_WHAT IS EXPECTED_. Word for word, and with pictures excluded, copy out all the records that follow.

_INPUT DATA_.

=== Section Start ===

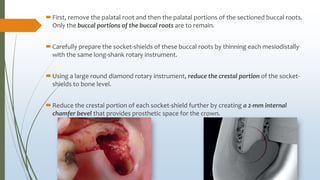 First, remove the palatal root and then the palatal portions of the sectioned buccal roots.
Only the buccal portions of the buccal roots are to remain.
Carefully prepare the socket-shields of these buccal roots by thinning each mesiodistally
with the same long-shank rotary instrument.
Using a large round diamond rotary instrument, reduce the crestal portion of the socket-
shields to bone level.
Reduce the crestal portion of each socket-shield further by creating a 2-mm internal
chamfer bevel that provides prosthetic space for the crown.
 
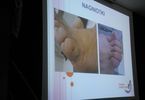 Wykład UTW: Leczenie schorzeń w obrębie skóry stóp oraz paznokci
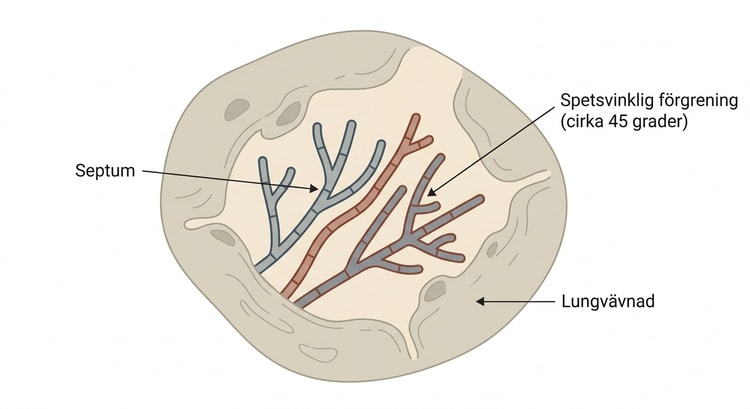Histologisk bild med septata, jämntjocka och spetsvinkligt förgrenade Aspergillus-hyfer i lungvävnad.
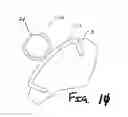 Fig. 10 - Servomechanical inker for a container decorator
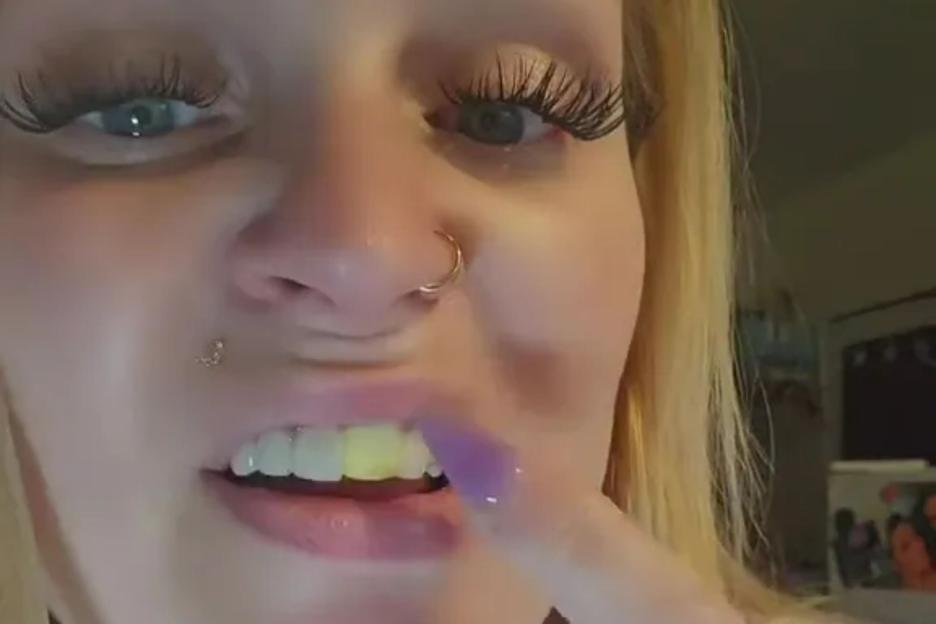 I make my own gnashers to fill the gaps in… it does turn yellow but I don’t want to fork out £5k for a new smile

=== Section End ===

_FINAL ANSWER_.
 First, remove the palatal root and then the palatal portions of the sectioned buccal roots.
Only the buccal portions of the buccal roots are to remain.
Carefully prepare the socket-shields of these buccal roots by thinning each mesiodistally
with the same long-shank rotary instrument.
Using a large round diamond rotary instrument, reduce the crestal portion of the socket-
shields to bone level.
Reduce the crestal portion of each socket-shield further by creating a 2-mm internal
chamfer bevel that provides prosthetic space for the crown.
 
 Wykład UTW: Leczenie schorzeń w obrębie skóry stóp oraz paznokci
Histologisk bild med septata, jämntjocka och spetsvinkligt förgrenade Aspergillus-hyfer i lungvävnad.
 Fig. 10 - Servomechanical inker for a container decorator
 I make my own gnashers to fill the gaps in… it does turn yellow but I don’t want to fork out £5k for a new smile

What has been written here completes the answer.